There are times when you want to arrange or superimpose several figures to create a single meaningful plot. Doing so requires fine control over the placement of the figures. You can accomplish this with the fig= graphical parameter. In the following example, two box plots are added to a scatter plot to create a single enhanced graph:

opar <- par(no.readonly=TRUE)
par(fig=c(0, 0.8, 0, 0.8))

# sets up the scatter plot
plot(mtcars$wt, mtcars$mpg,
     xlab="Miles Per Gallon",
     ylab="Car Weight")

# adds a box plot above
par(fig=c(0, 0.8, 0.55, 1), new=TRUE)
boxplot(mtcars$wt, horizontal=TRUE, axes=FALSE)

# adds a box plot to the right
par(fig=c(0.65, 1, 0, 0.8), new=TRUE)
boxplot(mtcars$mpg, axes=FALSE)

# add title and set up other parameters
mtext("Enhanced Scatterplot", side=3, outer=TRUE, line=-3)

par(opar)

o understand how this graph is created, think of the full graph area as going from (0,0) in the lower-left corner to (1,1) in the upper-right corner.

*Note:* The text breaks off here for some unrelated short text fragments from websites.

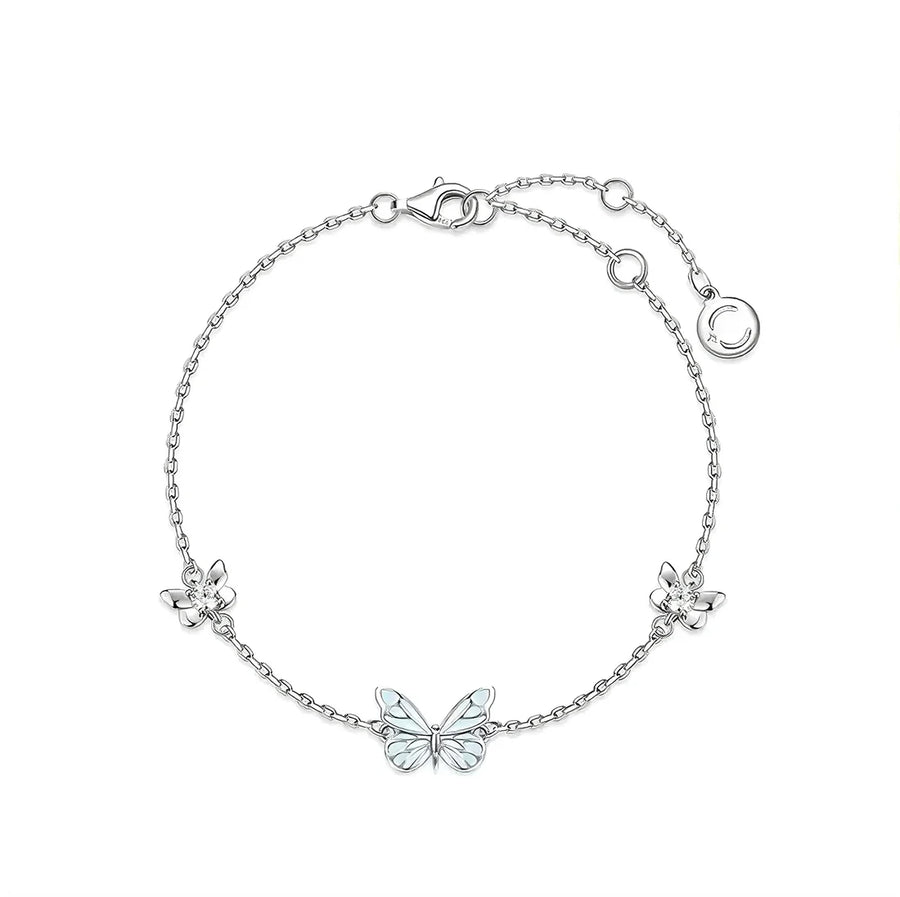 Bracelet Papillon lumineuse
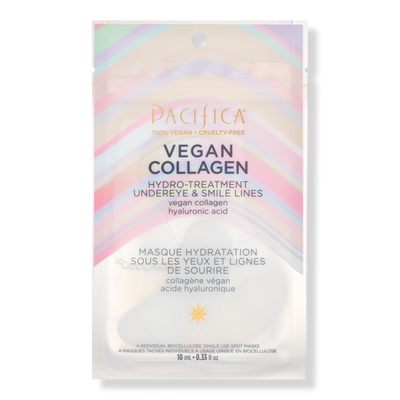 Pacifica Vegan Collagen Hydro-Treatment Eye & Smile Line Patches
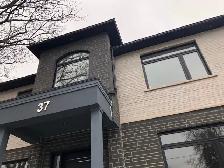 Eavestrough Siding Soffit Fascia
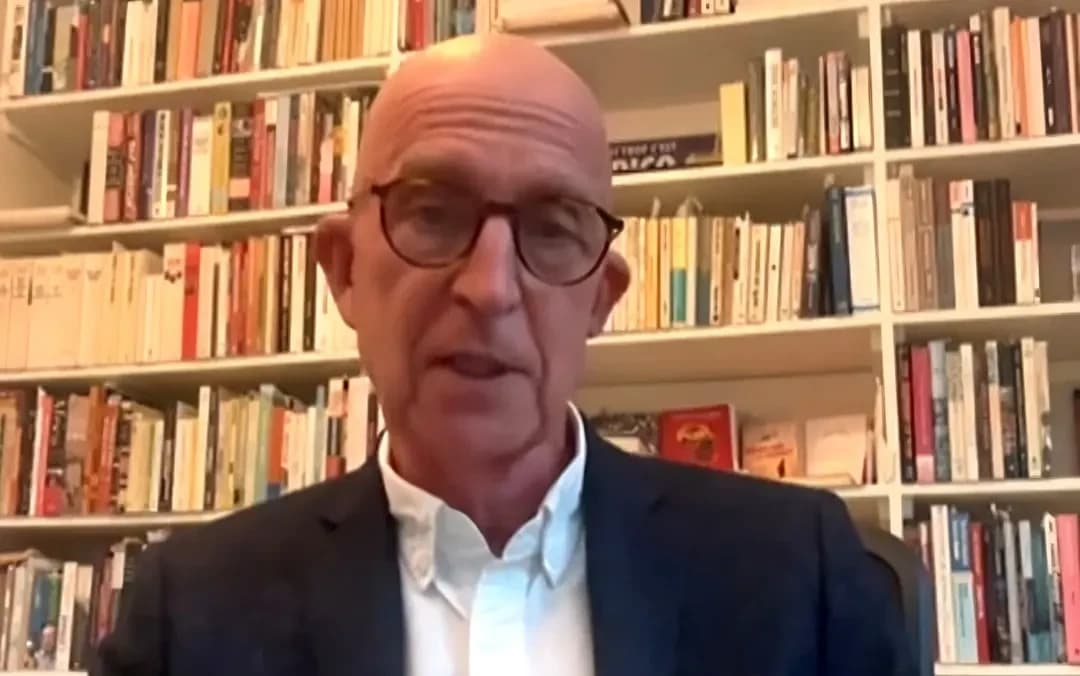 Marruecos ha aceptado desde siempre conspirar con la entidad sionista para contrarrestar al bloque árabe que defiende la causa palestina, indicó el periodista y escritor Stephen Smith.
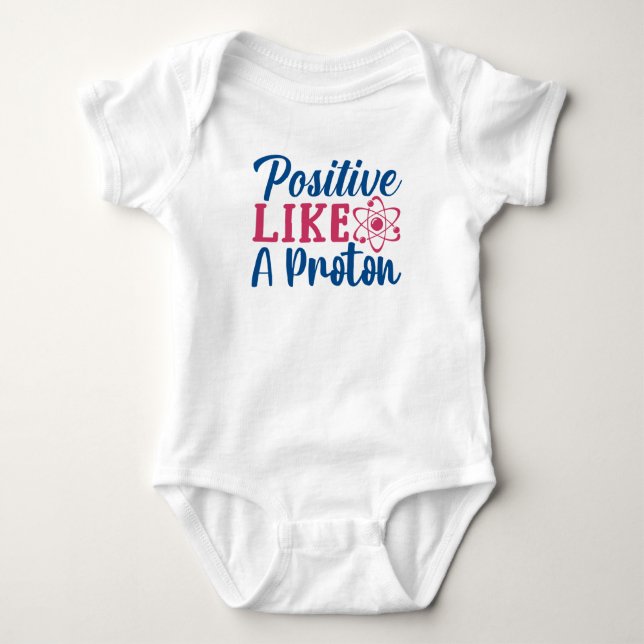 Body Bodysuit Baby Jersey (Devant)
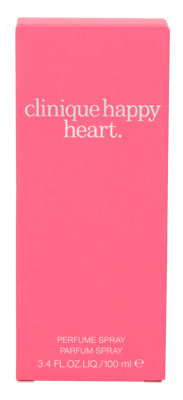Clinique Happy Heart Edp Spray 100 ml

The format of the fig= parameter is a numerical vector of the form c(x1, x2, y1, y2).

The first fig= sets up the scatter plot going from 0 to 0.8 on the x-axis and 0 to 0.8 on the y-axis. The top box plot goes from 0 to 0.8 on the x-axis and 0.55 to 1 on the y-axis. The box plot on the right goes from 0.65 to 1 on the x-axis and 0 to 0.8 on the y-axis. fig= starts a new plot, so when you add a figure to an existing graph, include the new=TRUE option.

I chose 0.55 rather than 0.8 so that the top figure would be pulled closer to the scatter plot. Similarly, I chose 0.65 to pull the box plot on the right closer to the scatter plot. You have to experiment to get the placement correct.

The amount of space needed for individual subplots can be device dependent. If you get “Error in plot.new(): figure margins too large,” try varying the area given for each portion of the overall graph.

You can use the fig= graphical parameter to combine several plots into any arrangement within a single graph. With a little practice, this approach gives you a great deal of flexibility when creating complex visual presentations.